Stepping into the room a bit late but i'm interested in the topic. (not the argy bargy)

Like many hobbyists I started with arduino but imediately stepped away from blinking led's and started doing stuff with the chips themselves directly. Logically I moved into tiny's as there's no sense using an atmega when you only need 3 pins doing something.

Wanting to expand my horizons I tried the TI MSP430 and TM4?125 Arm chips. The issue there was they were a nightmare to program and while I did do some interesting things with the TM4 it was just too inefficient time and effor wise to try and use them.

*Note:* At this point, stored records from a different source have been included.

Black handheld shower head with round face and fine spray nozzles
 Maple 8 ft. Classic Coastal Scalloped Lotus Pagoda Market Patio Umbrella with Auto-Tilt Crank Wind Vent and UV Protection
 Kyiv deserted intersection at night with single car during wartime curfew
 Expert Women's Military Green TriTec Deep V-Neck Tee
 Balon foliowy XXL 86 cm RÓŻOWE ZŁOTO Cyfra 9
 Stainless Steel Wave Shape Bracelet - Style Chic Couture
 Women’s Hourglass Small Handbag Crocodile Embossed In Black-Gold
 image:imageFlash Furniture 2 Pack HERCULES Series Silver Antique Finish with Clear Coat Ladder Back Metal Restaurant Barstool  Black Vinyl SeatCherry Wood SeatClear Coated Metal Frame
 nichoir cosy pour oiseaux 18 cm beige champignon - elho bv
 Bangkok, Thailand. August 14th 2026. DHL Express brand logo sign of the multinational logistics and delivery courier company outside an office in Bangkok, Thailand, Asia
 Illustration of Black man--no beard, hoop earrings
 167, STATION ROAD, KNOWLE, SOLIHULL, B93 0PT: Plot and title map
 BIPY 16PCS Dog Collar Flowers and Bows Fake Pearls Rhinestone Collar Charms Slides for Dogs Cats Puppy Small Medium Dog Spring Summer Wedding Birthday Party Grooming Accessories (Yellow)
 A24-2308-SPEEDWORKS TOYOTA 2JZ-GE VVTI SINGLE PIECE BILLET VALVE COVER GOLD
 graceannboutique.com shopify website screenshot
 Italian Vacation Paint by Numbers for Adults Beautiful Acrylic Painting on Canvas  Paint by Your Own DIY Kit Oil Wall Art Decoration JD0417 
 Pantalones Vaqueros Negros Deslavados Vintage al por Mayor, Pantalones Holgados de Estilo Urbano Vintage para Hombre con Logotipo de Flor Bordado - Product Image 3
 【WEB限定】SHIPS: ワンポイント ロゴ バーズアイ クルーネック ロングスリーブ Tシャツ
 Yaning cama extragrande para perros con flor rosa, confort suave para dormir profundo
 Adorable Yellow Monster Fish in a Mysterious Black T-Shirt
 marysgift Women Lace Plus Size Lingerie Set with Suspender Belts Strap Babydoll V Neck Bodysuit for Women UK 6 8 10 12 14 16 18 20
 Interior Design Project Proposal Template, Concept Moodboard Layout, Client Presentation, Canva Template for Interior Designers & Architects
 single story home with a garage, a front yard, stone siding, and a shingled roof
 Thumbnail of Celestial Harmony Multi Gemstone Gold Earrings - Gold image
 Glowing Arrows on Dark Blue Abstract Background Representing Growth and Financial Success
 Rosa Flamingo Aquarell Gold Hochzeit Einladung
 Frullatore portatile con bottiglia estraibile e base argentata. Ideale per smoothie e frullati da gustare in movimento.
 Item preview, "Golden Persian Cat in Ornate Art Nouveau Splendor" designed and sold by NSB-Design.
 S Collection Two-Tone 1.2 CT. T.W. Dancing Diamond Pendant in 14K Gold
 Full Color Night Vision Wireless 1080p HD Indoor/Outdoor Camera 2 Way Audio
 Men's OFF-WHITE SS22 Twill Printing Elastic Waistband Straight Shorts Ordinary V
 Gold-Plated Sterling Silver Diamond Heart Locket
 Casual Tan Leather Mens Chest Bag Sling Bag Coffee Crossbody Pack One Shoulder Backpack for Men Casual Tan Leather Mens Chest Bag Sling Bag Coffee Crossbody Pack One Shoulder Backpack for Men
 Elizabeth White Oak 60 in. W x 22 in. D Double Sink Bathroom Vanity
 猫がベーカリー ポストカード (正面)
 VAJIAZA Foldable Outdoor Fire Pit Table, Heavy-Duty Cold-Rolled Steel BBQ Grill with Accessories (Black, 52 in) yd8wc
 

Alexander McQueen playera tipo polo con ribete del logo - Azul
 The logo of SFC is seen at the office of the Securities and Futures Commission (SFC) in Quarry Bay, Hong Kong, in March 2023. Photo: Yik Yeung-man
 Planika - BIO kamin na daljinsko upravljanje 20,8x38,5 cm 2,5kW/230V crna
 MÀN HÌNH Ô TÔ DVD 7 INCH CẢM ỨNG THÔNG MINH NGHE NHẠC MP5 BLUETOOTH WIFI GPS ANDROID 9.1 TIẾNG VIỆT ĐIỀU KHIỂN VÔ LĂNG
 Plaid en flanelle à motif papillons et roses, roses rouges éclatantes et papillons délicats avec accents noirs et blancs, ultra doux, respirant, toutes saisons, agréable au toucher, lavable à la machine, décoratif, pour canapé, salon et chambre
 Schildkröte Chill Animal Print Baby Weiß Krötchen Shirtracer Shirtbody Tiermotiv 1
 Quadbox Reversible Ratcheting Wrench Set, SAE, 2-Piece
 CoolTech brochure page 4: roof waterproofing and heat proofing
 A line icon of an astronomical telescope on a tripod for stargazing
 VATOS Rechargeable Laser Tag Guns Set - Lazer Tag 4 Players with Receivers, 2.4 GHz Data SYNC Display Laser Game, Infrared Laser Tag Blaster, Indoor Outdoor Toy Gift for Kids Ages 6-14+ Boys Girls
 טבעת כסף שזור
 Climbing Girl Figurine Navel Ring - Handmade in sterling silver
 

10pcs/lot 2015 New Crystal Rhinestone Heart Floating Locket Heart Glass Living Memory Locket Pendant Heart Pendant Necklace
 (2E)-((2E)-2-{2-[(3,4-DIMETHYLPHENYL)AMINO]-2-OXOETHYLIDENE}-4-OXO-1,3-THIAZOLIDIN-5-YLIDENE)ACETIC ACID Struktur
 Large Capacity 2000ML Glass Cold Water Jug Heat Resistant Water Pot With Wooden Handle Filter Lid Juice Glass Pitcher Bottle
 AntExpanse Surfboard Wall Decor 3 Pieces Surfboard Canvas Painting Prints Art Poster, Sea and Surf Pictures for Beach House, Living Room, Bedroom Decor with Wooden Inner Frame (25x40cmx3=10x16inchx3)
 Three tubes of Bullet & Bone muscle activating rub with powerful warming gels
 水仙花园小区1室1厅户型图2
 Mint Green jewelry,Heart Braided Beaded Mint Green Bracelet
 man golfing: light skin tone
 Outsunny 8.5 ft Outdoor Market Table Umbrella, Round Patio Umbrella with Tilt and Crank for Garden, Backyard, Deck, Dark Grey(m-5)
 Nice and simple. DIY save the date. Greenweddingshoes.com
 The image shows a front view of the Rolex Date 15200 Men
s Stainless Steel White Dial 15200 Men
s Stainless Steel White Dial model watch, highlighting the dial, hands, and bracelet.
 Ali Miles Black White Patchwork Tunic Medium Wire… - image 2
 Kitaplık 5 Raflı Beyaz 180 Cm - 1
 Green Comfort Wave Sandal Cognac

A few years on now and I've just started shipping out another project with the atmega328p at it's heart and every pin was utilised. No room to add features in the future.

But what for the future?

I'm seeing STM32 everywhere but is that a viable upgrade?

What about programing environments? Ti's CCS really burn't me badly but from the chatter i'm seeing it sounds like things are better in STM land. I don't get a hard on from reading datasheets, they're a means to an end, so something like CubeMX sounds useful for those just trying to get a job done like I am.

The problem I have is that my projects are typically analog and the ADC is a big part of it.

I've played with analog on 3.3v before (The Ti chip) and the noise just swamps out the detail. I've spent a lot of time getting the atmega ADC's to work with good precision and I can't afford to lose that.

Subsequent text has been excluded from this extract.